The Director of Campaign for Nature is Brian O’Donnell, who previously headed the Conservation Lands Foundation and worked as the Public Lands Director of Trout Unlimited. O’Donnell told Mongabay that in the three years since its launch, more than 70 countries have endorsed the “30×30” goal, ranging from G7 nations to Costa Rica. Those endorsements have been supported by the development of sub-initiatives and alliances, including the High Ambition Coalition for Nature and People and Global Oceans Alliance.

And critically, says O’Donnell, one of the key tenets of the campaign — centering conservation efforts around the rights of Indigenous Peoples — has continued to gain traction and prominence in 30×30 discussions.

“Campaign for Nature seeks to ensure that Indigenous and local community rights are advanced in the Post-2020 Global Biodiversity Framework, as Indigenous peoples and local communities have demonstrated that they are incredibly effective stewards of biodiversity and success for a Post-2020 Global Biodiversity Framework will rely on this,” O’Donnell told Mongabay.

“The 30×30 target provides an opportunity to recognize, fund and prioritize Indigenous and community-led conservation, to learn from the diverse and effective approaches of Indigenous peoples and local communities, and to advance land tenure and conservation simultaneously. Without Indigenous peoples and local communities as full partners, and without their rights respected, the 30×30 target won’t succeed.
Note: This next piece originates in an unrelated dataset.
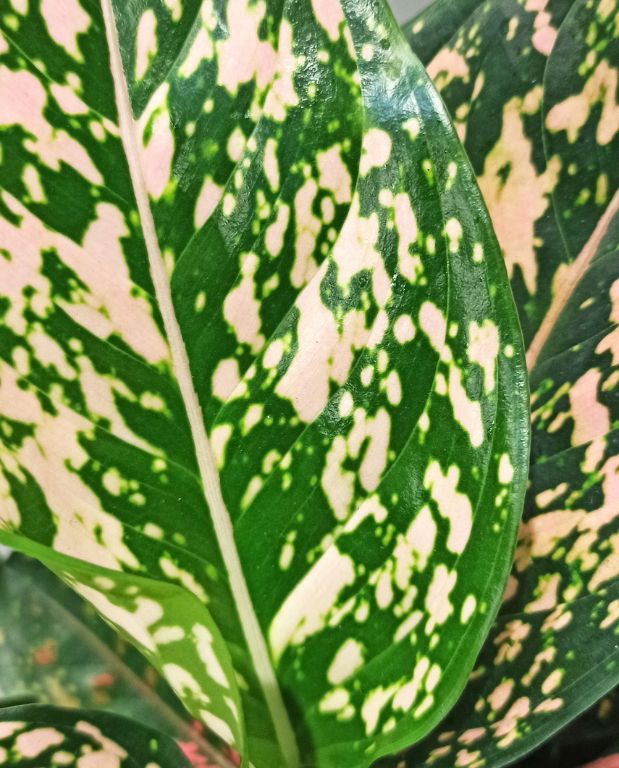 Aglaonema Pink Leopard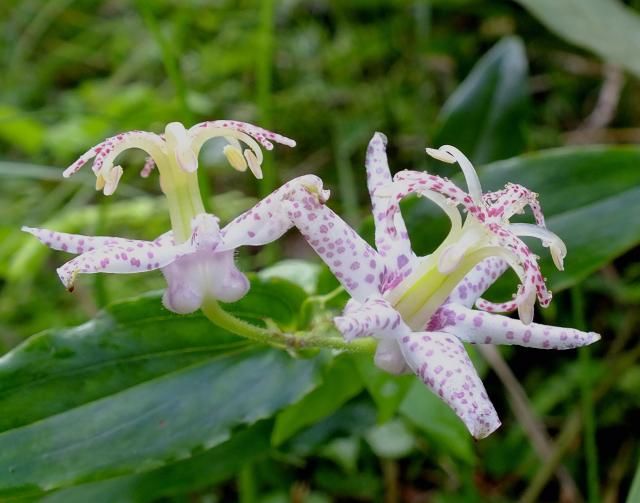 移動中に見つけた花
Working together we can advance human rights and address the environmental crises facing our planet.”

Indigenous Tikuna man in the Amazon rainforest
Indigenous Tikuna man in the Amazon rainforest

One of other priorities for the campaign is securing finance to support conservation. This involves building and communicating a case for nature conservation in terms that companies and various levels of government understand: The benefits afforded to society by healthy and productive ecosystems.
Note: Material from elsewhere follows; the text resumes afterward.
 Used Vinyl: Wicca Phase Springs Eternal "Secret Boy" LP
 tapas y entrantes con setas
“Protecting at least 30% of the world’s lands, freshwater and oceans will help prevent extinctions, provide clean water to communities, reduce the impacts of storms, and improve the health of the world’s oceans,” he told Mongabay.

But making this case will require overcoming the apathy that high level decision-makers have often had when it comes to biodiversity.

“Global leaders have not given biodiversity the attention it warrants,” O’Donnell said. “Most global leaders do not fully understand or value the importance of biodiversity, and are not aware of the scale of the current crisis facing biodiversity.”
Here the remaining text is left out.